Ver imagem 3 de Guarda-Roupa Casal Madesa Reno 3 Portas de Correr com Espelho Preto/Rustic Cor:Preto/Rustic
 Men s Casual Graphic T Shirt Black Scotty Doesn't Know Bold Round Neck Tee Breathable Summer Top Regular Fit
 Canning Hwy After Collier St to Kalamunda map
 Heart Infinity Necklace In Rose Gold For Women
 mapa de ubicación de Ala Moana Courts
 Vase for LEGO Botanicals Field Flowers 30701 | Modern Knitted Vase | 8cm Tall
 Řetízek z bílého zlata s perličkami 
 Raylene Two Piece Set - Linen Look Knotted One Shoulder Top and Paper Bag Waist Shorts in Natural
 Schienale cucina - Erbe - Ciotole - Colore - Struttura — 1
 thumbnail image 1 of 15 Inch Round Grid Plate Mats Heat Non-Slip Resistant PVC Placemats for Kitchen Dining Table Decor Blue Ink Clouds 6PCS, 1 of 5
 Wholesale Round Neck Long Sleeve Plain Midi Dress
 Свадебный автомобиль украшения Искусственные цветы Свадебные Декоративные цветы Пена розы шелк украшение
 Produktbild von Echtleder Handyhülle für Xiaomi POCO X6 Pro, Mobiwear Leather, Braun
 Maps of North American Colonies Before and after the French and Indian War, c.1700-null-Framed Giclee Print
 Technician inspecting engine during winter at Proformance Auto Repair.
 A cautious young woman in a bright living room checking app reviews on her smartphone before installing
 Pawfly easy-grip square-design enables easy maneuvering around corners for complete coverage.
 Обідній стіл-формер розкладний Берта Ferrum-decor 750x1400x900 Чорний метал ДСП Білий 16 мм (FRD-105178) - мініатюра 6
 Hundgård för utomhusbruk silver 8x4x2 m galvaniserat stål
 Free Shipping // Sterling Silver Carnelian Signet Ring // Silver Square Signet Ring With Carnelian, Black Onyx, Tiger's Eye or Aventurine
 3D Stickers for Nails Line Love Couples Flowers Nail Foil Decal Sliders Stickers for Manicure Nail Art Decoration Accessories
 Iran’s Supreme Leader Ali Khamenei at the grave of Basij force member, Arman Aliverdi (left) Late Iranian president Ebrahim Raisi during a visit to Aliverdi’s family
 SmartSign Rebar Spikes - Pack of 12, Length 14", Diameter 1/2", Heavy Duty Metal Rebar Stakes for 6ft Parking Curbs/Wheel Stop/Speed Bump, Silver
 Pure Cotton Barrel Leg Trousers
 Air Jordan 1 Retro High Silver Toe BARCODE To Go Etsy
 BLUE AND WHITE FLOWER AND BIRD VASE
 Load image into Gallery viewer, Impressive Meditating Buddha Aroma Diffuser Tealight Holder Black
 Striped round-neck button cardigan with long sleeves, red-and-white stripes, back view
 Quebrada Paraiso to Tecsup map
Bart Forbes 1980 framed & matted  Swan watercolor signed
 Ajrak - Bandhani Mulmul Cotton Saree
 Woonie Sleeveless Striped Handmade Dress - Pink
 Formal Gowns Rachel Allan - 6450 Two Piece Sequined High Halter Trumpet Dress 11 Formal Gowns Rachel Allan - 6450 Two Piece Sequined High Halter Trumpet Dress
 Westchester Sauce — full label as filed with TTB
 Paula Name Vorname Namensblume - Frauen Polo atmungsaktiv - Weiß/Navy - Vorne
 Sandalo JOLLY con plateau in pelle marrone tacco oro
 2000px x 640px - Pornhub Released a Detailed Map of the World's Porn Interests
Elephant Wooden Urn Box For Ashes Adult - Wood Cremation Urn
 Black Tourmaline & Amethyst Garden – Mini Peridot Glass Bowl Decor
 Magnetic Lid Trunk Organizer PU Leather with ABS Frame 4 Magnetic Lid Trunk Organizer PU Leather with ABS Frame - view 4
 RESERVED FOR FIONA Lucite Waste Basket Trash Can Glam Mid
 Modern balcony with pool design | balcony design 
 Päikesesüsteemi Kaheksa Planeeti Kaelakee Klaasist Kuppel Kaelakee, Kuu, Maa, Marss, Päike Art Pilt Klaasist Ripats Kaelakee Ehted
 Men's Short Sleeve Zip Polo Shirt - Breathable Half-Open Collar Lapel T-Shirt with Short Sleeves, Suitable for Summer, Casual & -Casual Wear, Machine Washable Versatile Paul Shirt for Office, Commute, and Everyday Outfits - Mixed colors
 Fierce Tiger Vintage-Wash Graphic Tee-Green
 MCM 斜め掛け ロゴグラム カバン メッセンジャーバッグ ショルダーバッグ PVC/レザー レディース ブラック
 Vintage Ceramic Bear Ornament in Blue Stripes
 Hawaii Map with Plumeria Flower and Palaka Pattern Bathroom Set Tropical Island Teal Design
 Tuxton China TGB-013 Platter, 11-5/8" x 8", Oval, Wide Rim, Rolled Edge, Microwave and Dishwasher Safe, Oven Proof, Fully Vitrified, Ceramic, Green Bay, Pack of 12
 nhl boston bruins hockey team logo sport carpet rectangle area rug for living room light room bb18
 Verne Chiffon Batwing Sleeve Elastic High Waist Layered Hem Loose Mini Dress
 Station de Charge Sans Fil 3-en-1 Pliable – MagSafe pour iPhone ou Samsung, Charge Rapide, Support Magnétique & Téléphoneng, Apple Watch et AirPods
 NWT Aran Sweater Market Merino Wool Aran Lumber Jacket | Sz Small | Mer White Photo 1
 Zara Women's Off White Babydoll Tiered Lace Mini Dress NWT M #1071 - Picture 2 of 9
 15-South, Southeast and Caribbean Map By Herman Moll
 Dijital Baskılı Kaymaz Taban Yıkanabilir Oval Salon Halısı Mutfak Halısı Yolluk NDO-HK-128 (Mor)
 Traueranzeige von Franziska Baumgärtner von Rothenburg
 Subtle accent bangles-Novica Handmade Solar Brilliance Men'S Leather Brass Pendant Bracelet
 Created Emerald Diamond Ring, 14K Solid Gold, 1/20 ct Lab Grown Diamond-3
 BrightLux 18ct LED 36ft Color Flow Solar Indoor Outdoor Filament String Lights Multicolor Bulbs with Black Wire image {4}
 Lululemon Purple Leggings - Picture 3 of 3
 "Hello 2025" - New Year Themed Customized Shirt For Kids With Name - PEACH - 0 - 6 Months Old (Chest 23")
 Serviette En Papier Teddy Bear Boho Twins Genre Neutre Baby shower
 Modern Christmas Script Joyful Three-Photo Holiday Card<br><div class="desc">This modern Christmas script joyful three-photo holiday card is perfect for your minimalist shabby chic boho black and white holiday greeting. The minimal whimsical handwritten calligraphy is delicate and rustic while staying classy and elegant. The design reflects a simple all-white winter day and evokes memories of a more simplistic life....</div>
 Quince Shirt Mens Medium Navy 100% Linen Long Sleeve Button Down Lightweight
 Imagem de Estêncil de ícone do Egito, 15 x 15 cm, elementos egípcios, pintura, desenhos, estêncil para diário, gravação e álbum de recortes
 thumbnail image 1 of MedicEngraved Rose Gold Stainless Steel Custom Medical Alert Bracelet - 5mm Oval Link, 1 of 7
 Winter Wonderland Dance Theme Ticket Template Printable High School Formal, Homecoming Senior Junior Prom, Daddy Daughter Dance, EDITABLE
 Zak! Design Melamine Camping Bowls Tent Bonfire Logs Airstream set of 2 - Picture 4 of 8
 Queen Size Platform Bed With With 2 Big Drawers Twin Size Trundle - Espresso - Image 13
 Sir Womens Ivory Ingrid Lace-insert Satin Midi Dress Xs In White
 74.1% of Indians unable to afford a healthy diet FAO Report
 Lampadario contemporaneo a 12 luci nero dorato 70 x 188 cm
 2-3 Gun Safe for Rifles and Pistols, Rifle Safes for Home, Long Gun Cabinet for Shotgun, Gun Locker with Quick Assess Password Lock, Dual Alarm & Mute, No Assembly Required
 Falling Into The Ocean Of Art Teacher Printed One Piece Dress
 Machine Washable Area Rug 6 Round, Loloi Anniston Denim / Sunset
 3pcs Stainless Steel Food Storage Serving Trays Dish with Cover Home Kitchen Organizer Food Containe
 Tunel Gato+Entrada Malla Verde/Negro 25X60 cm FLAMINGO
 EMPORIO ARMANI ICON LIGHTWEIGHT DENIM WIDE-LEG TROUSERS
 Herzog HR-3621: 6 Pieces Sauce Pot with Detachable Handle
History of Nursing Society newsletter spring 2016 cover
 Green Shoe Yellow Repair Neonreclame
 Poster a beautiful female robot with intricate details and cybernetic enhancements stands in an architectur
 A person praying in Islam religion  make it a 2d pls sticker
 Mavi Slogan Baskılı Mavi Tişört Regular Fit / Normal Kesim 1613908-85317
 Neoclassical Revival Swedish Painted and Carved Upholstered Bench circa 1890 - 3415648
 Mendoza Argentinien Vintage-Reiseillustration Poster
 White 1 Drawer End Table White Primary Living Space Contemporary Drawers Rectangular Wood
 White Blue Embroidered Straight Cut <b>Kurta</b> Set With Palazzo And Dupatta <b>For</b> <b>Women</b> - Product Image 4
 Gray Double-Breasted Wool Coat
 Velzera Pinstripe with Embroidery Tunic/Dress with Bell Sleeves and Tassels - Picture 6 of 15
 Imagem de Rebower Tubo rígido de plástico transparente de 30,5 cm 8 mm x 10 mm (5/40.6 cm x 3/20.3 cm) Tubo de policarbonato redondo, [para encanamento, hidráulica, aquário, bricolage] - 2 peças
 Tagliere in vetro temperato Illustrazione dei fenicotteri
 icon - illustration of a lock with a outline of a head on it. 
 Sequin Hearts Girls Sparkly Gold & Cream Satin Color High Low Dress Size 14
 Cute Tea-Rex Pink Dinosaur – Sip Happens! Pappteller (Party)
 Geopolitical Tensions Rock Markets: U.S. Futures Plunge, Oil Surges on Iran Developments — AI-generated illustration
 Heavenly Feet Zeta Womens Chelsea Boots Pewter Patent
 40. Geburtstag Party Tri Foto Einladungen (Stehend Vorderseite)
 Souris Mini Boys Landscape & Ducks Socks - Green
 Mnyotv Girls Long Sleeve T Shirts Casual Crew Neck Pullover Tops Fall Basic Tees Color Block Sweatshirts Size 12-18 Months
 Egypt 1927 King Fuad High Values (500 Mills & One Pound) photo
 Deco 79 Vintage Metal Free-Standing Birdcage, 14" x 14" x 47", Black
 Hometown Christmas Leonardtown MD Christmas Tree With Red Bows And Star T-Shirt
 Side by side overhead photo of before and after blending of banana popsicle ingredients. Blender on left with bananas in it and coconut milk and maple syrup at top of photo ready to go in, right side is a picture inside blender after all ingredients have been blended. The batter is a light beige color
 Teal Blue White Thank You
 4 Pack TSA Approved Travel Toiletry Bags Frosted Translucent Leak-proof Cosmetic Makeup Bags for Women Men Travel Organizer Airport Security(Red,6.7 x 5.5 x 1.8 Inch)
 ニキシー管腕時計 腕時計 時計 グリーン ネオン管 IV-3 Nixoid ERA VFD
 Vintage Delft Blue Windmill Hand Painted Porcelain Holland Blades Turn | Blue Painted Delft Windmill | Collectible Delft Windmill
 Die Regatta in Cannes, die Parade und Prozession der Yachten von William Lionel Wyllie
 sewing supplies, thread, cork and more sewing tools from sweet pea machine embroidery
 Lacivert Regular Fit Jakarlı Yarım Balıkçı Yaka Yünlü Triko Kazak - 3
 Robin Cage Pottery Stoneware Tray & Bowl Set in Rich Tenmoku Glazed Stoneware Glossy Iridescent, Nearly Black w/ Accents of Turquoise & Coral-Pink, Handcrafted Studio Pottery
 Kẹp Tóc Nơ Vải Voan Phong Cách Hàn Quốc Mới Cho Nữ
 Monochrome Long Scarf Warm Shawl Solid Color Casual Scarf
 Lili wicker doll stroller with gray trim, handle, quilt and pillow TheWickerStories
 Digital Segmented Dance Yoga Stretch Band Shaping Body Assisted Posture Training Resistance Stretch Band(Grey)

********************

▶ [Assignment] From the entries above, extract only the lines running from the one containing "15-South, Southeast and" through the one containing "Subtle accent bangles-Novica", inclusive.

▶ [Output below]
 15-South, Southeast and Caribbean Map By Herman Moll
 Dijital Baskılı Kaymaz Taban Yıkanabilir Oval Salon Halısı Mutfak Halısı Yolluk NDO-HK-128 (Mor)
 Traueranzeige von Franziska Baumgärtner von Rothenburg
 Subtle accent bangles-Novica Handmade Solar Brilliance Men'S Leather Brass Pendant Bracelet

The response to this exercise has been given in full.